* [Task to complete] Exact copies of all the entries are required, and no pictures should appear in them.

[Saved entries]
----

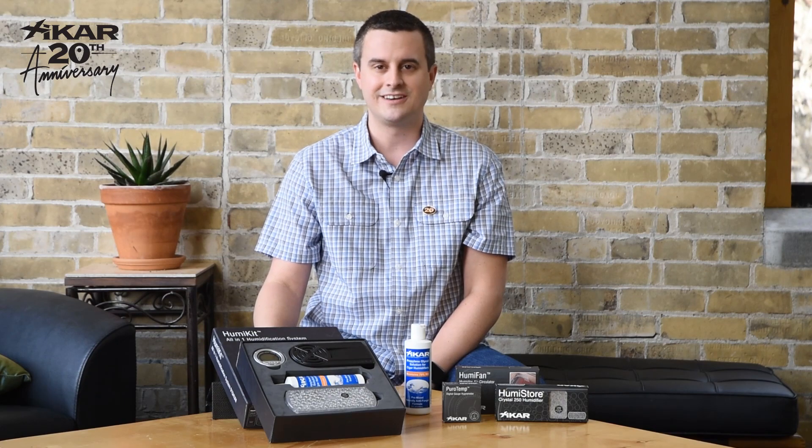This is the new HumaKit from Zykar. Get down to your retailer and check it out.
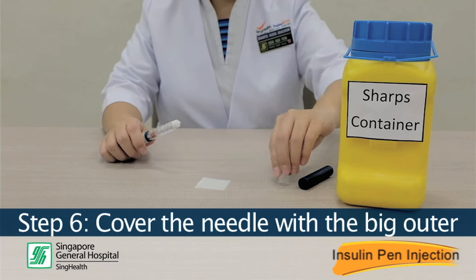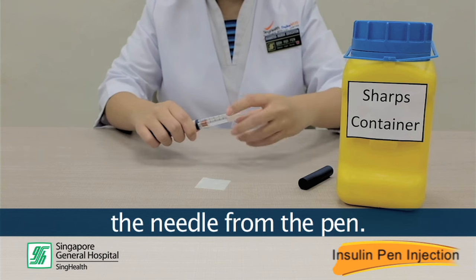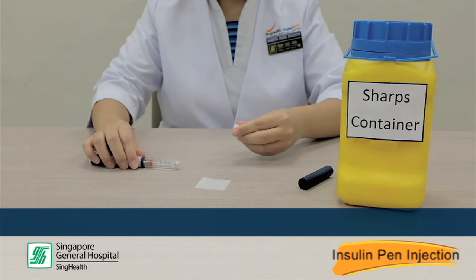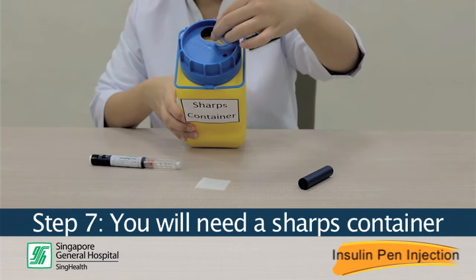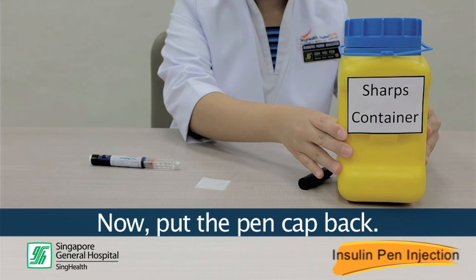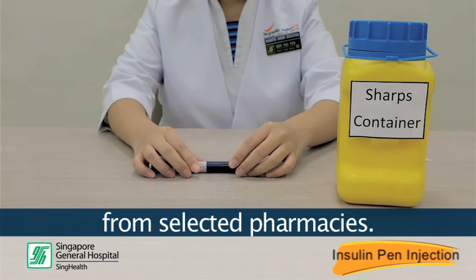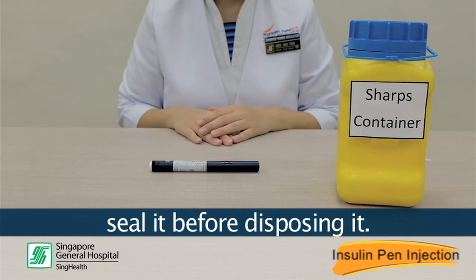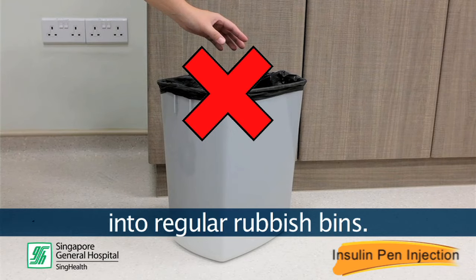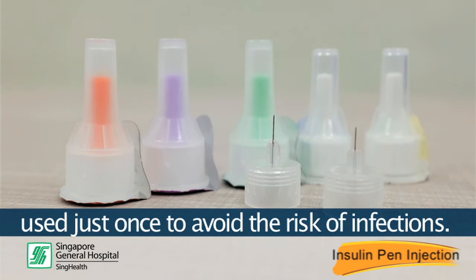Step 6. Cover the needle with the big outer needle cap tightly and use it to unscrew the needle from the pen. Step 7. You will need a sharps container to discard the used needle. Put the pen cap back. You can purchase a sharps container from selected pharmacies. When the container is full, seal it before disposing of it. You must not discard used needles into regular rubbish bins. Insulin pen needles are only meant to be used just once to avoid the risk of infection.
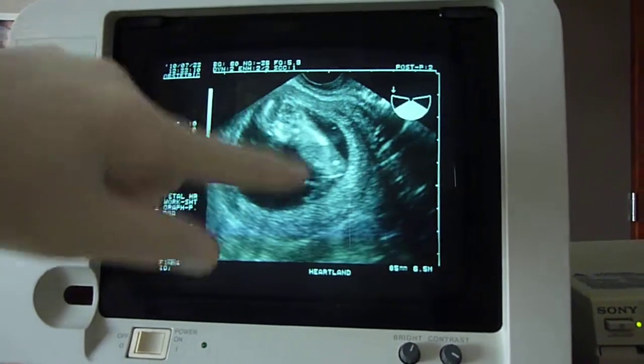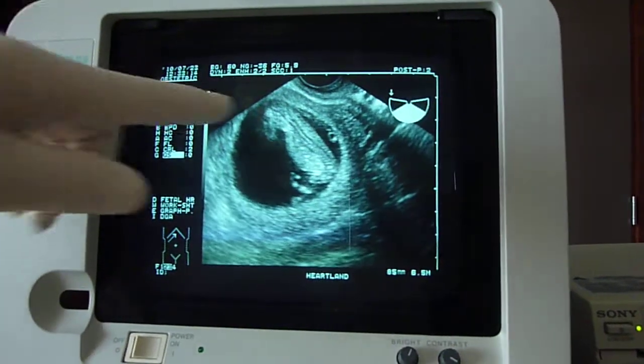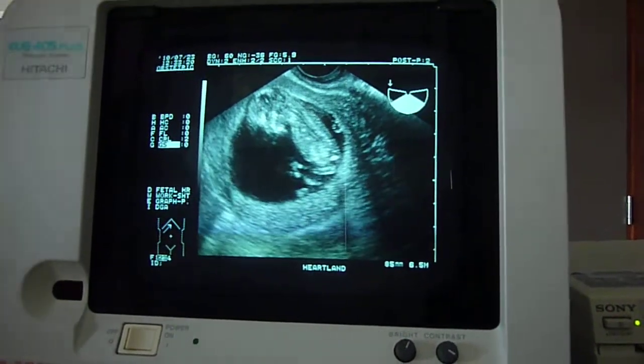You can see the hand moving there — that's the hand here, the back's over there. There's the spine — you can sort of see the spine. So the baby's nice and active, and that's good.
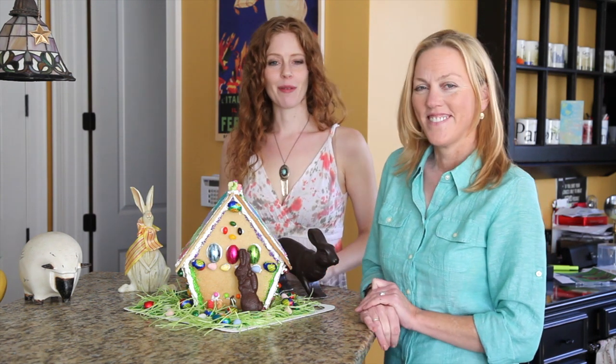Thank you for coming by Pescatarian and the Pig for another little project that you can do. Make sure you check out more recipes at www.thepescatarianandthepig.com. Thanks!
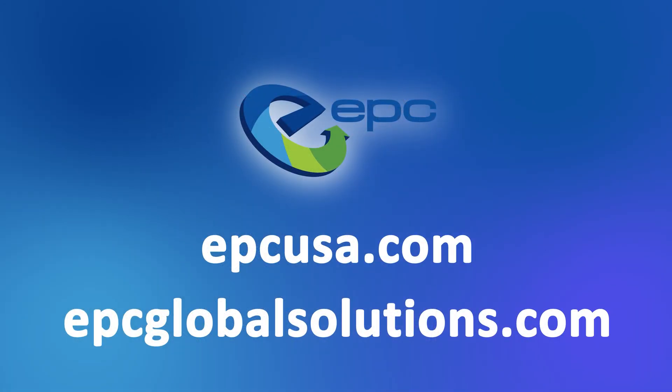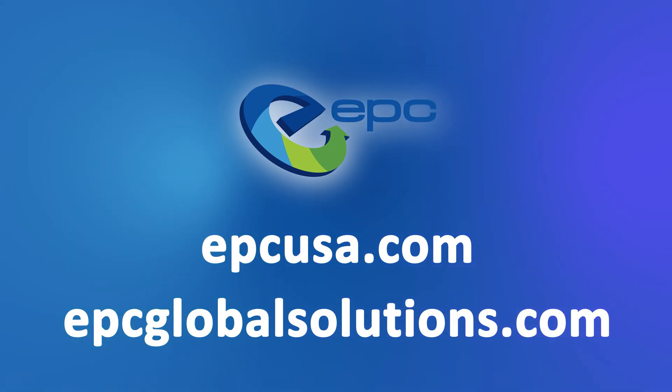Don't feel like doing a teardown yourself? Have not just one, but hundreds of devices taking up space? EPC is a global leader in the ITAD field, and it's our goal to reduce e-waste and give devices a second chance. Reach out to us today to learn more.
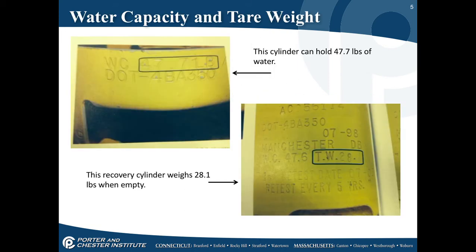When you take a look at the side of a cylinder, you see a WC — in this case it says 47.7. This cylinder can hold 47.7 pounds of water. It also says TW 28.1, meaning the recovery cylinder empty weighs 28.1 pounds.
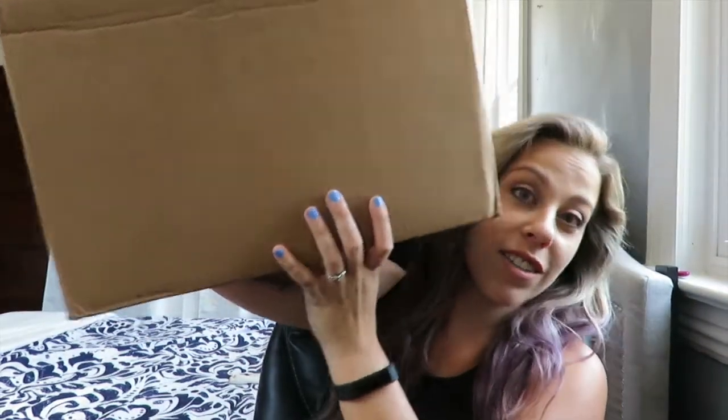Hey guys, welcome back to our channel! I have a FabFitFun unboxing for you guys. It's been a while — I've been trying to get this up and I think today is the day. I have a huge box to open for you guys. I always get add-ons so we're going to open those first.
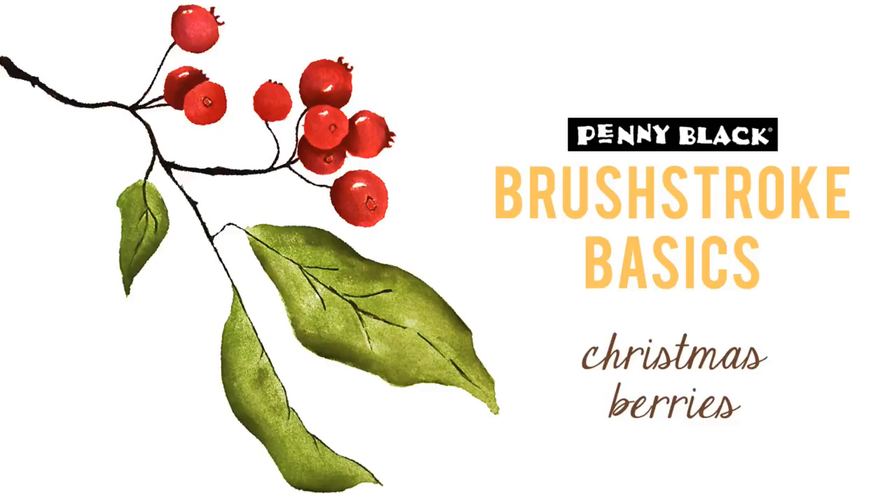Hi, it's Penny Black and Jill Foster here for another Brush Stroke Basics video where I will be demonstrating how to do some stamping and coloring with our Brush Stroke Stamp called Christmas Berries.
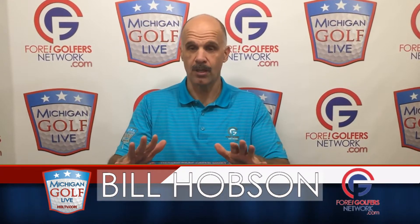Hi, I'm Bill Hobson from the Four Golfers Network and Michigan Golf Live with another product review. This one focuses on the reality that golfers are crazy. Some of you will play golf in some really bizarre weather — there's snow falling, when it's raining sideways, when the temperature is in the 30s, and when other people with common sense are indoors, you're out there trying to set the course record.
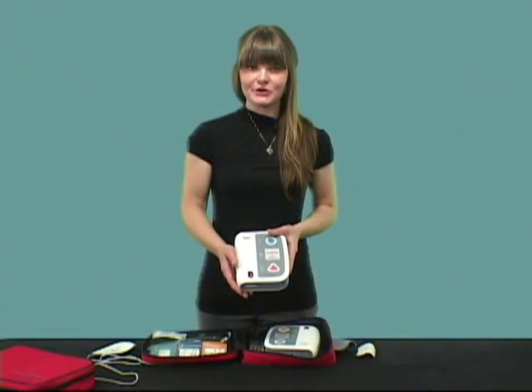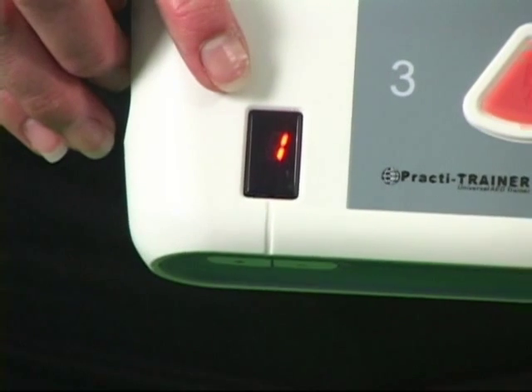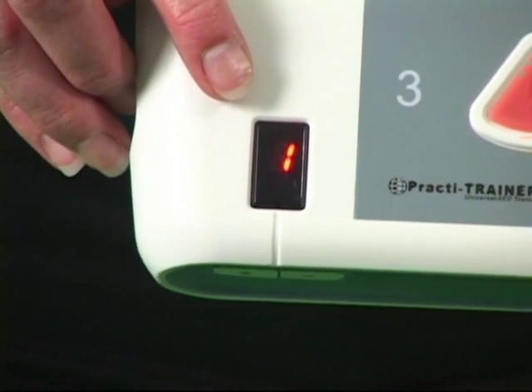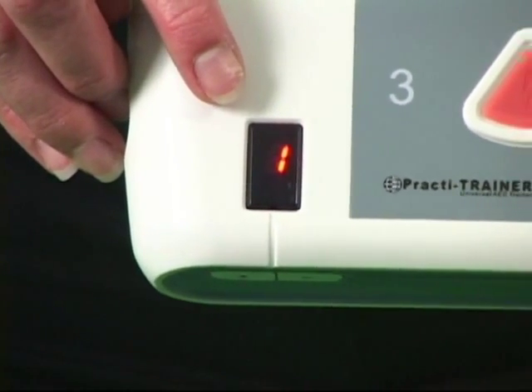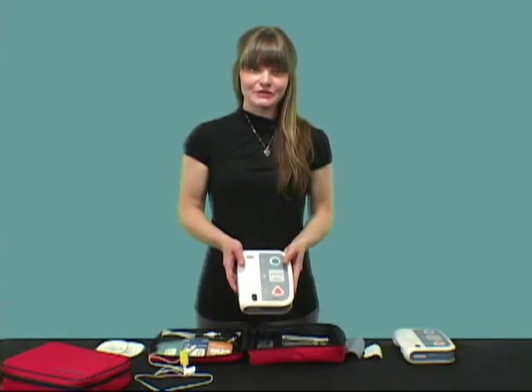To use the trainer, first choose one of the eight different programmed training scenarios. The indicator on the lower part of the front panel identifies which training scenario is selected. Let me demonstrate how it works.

----

* [Solution]
This is the new HumaKit from Zykar. Get down to your retailer and check it out.
Step 6. Cover the needle with the big outer needle cap tightly and use it to unscrew the needle from the pen. Step 7. You will need a sharps container to discard the used needle. Put the pen cap back. You can purchase a sharps container from selected pharmacies. When the container is full, seal it before disposing of it. You must not discard used needles into regular rubbish bins. Insulin pen needles are only meant to be used just once to avoid the risk of infection.
You can see the hand moving there — that's the hand here, the back's over there. There's the spine — you can sort of see the spine. So the baby's nice and active, and that's good.
Thank you for coming by Pescatarian and the Pig for another little project that you can do. Make sure you check out more recipes at www.thepescatarianandthepig.com. Thanks!
Don't feel like doing a teardown yourself? Have not just one, but hundreds of devices taking up space? EPC is a global leader in the ITAD field, and it's our goal to reduce e-waste and give devices a second chance. Reach out to us today to learn more.
When you take a look at the side of a cylinder, you see a WC — in this case it says 47.7. This cylinder can hold 47.7 pounds of water. It also says TW 28.1, meaning the recovery cylinder empty weighs 28.1 pounds.
Hey guys, welcome back to our channel! I have a FabFitFun unboxing for you guys. It's been a while — I've been trying to get this up and I think today is the day. I have a huge box to open for you guys. I always get add-ons so we're going to open those first.
Hi, it's Penny Black and Jill Foster here for another Brush Stroke Basics video where I will be demonstrating how to do some stamping and coloring with our Brush Stroke Stamp called Christmas Berries.
Hi, I'm Bill Hobson from the Four Golfers Network and Michigan Golf Live with another product review. This one focuses on the reality that golfers are crazy. Some of you will play golf in some really bizarre weather — there's snow falling, when it's raining sideways, when the temperature is in the 30s, and when other people with common sense are indoors, you're out there trying to set the course record.
To use the trainer, first choose one of the eight different programmed training scenarios. The indicator on the lower part of the front panel identifies which training scenario is selected. Let me demonstrate how it works.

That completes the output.